# TASK PROMPT
Work through the listing below and give again exactly the lines from the one with "Replique Rolex Datejust-279166, 28mm, cadran" to the one with "Degete articulate de", both ends included. All other lines and all pictures stay out.

# EXTRACTED DATA
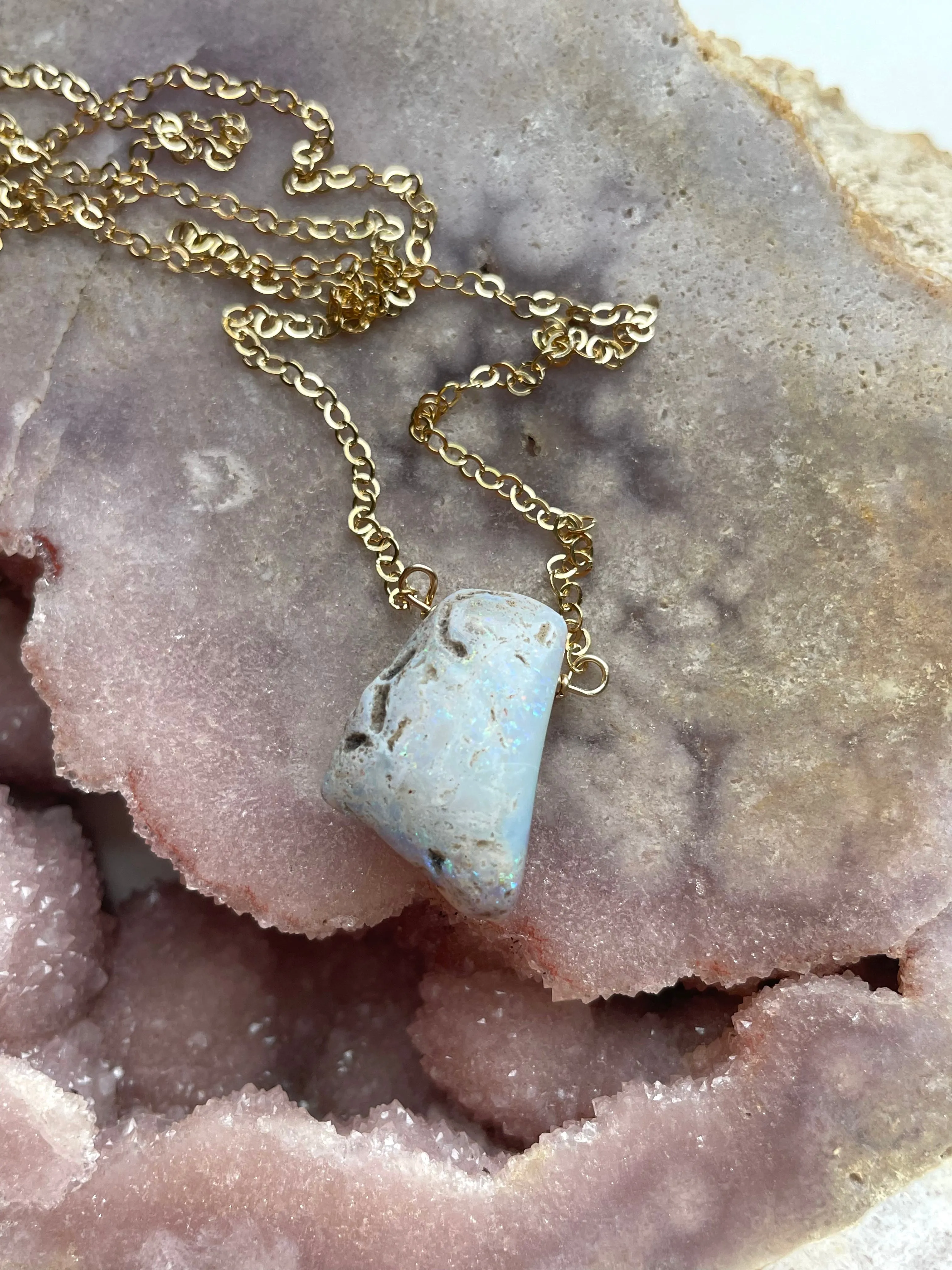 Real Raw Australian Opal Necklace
---
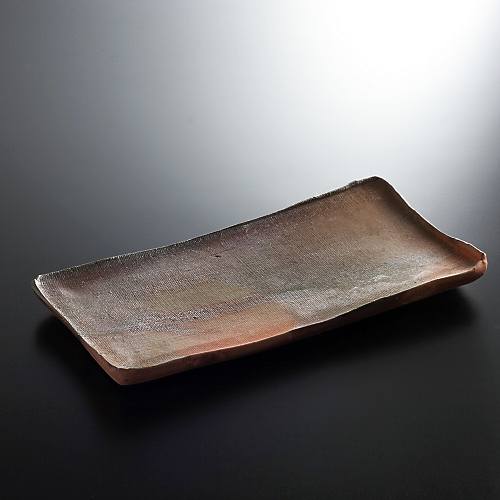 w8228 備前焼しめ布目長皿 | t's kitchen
==
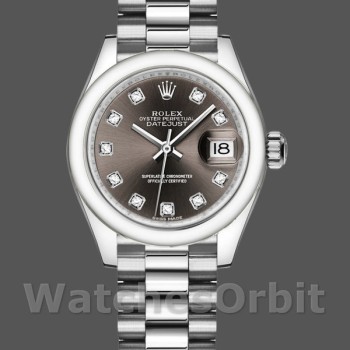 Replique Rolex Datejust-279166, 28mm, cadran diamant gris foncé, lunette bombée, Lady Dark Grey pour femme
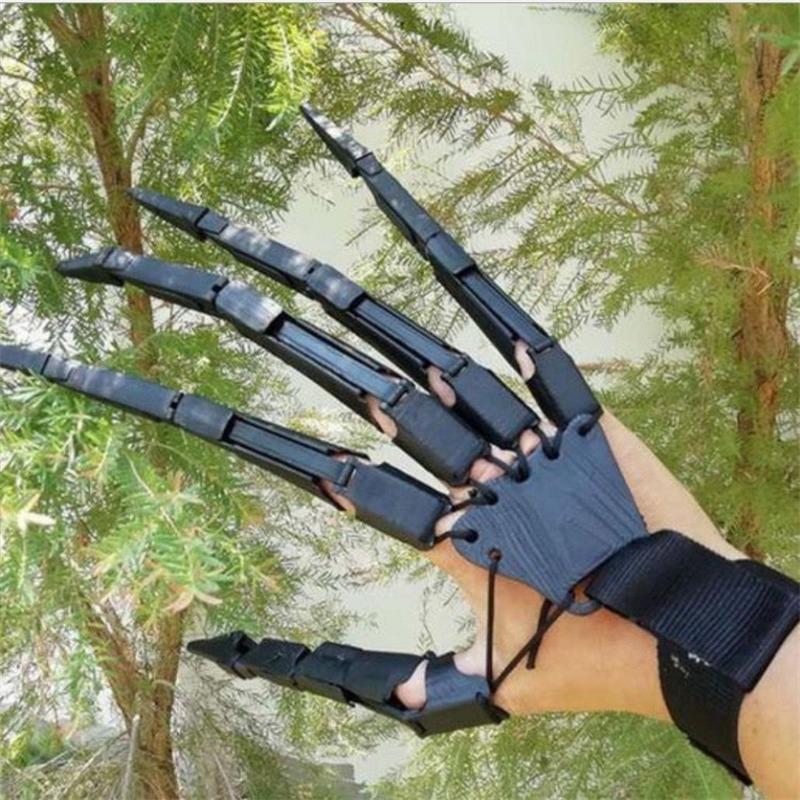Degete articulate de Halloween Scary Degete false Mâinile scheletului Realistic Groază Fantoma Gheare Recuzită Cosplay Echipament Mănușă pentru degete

# RESULT OF THIS TASK
 Replique Rolex Datejust-279166, 28mm, cadran diamant gris foncé, lunette bombée, Lady Dark Grey pour femme
Degete articulate de Halloween Scary Degete false Mâinile scheletului Realistic Groază Fantoma Gheare Recuzită Cosplay Echipament Mănușă pentru degete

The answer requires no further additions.